Она пожимает плечами.
– Думала, будет легко, – говорит она.
– Все зависит от тебя самой, – говорю я.
– Нет. Бесполезно, – говорит она.
– Да и стихотворение не бог весть какое, – говорю я. – Это же стихотворение Э. Э. Каммингса. Написать что-нибудь о стихотворении Э. Э. Каммингса проще простого. Кто угодно может сказать про э. э. каммингса практически что угодно, и, скорее всего, это окажется немножко правдой.
– А я не могу! – говорит она. – Я прочитала его пятьдесят раз и не поняла, на хер, вот ни настолечко, на хер, что это все, на хер, вообще, на хер, значит, на хер!
И тут она в плач.
Я нахожу ярко-фиолетовый листок с распечаткой стихотворения среди разбросанного по полу хлама. Подхожу и сажусь рядом с ней на кровать.
– Ладно, – говорю я. – Подвинься, на хер. Погнали, на хер.
– Не издевайся, – говорит она.
– Я никогда не издеваюсь над незнакомыми людьми, – говорю я.
Я кладу лист бумаги со стихотворением между нами на кровать.
начать, помедлить; замереть
(в сомненье на коленях:
пока не рухнет небосвод)
Р с Т потом доверься
что может быть приятнее
(большой и хмурый день
длиною в жизнь, не менее)
разве добавить Е?
и впредь его задета гордость
(ведь я – это и ты)
и все ну просто здорово
как раз подходит М
затем(задача решена
почти)украсим четкой все
помпезной и серьезной С;
пока не рухнет небосвод
вот идеал, сейчас и здесь
– но глянь: не солнце ль? да!
и(занырнув в восторге ввысь)
лишь брызги нашего труда
– Видишь? – говорит она. – Тут же все не значит ничего. Ненавижу!
– Зачем ненавидеть стихотворение, – говорю я. – Пустая трата сильной эмоции. Просто взгляни на слова. Они сами расскажут тебе, что означают. Ведь для этого слова и нужны.

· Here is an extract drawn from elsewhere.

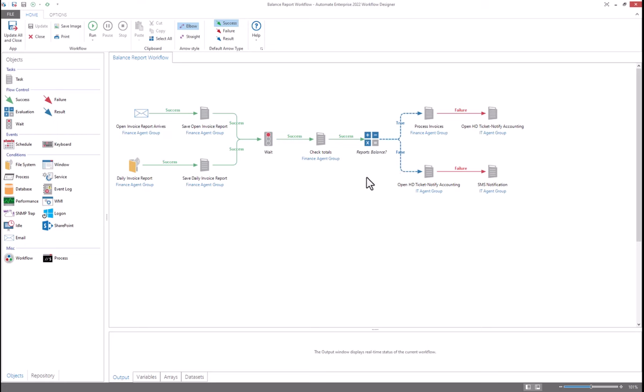Define error handling and add triggers or conditions all from the workflow designer itself.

– Для чего? – говорит она.
– Чтобы что-то означать, – говорю я.
– Ага, но я спрашиваю о том, зачем поступать так странно со всеми этими интервалами? – говорит она. – Он как будто выпендривается.
– А что плохого в выпендреже? – говорю я.
– Вот тут я, на самом деле, с тобой согласна, – говорит она. – Хотя очень многие возразили бы.
– И оно выглядит странным только потому, что мы ожидаем увидеть интервалы после знаков пунктуации, – говорю я, – ожидаем от пунктуации и синтаксиса чего-то привычного. Но почему? Зачем нам вообще условности?
– Как мы могли бы нормально жить без… – говорит она.
– Нет, можешь не отвечать, – говорю я.
– А, – говорит она.
– Я просто выделила один из вопросов, который задает герой стихотворения, – говорю я.
– «Герой стихотворения», – произносит она. – Ты имеешь в виду поэта. Или подразумевается, что там еще кто-то говорит? Боже. Я ничего не понимаю!
– Я имею в виду того, кто находится у тебя в голове, когда ты читаешь стихотворение, когда человеческое существо, которое ты слышишь сквозь его странность, и смыслы, которые ухватываешь даже сквозь туман странности, все это поражает твои глаза и твой разум, – говорю я.
– Что-что? – говорит она.
Она смотрит на меня в отчаянии, вся в слезах.
– И вот здесь, – говорю я. – Здесь в стихотворении говорится: «ведь я – это и ты». Значит, оно еще и о тебе, это стихотворение.
– Обо мне? – говорит она.
– О любом, кто его читает, – говорю я. – Обо мне тоже.
– Я просто не догоняю с самого начала и до конца, – говорит она. – Что означает хотя бы первая строчка? Это о том, как начинают, потом медлят, а потом замирают?
– Это означает именно то, что ты сама мне сейчас сказала, – говорю я. – Что-то на странице заставило тебя вновь взглянуть на нее, помедлить, даже замереть.
– Точно, – говорит она. – Это точно. Но почему «в сомненье на коленях»? И все это про рухнувший небосвод.
– Ну, ты же сама говоришь о том, чтобы прыгнуть с моста или из окна. Вот как ты разволновалась оттого, что чего-то не понимаешь. Будто твой собственный небосвод рухнул, – говорю я.
Глаза у нее расширяются.
– А! – говорит она.
И вытирает нос.
– Но при чем тут колени? – говорит она. – Кто стоит в сомнении на коленях? Почему?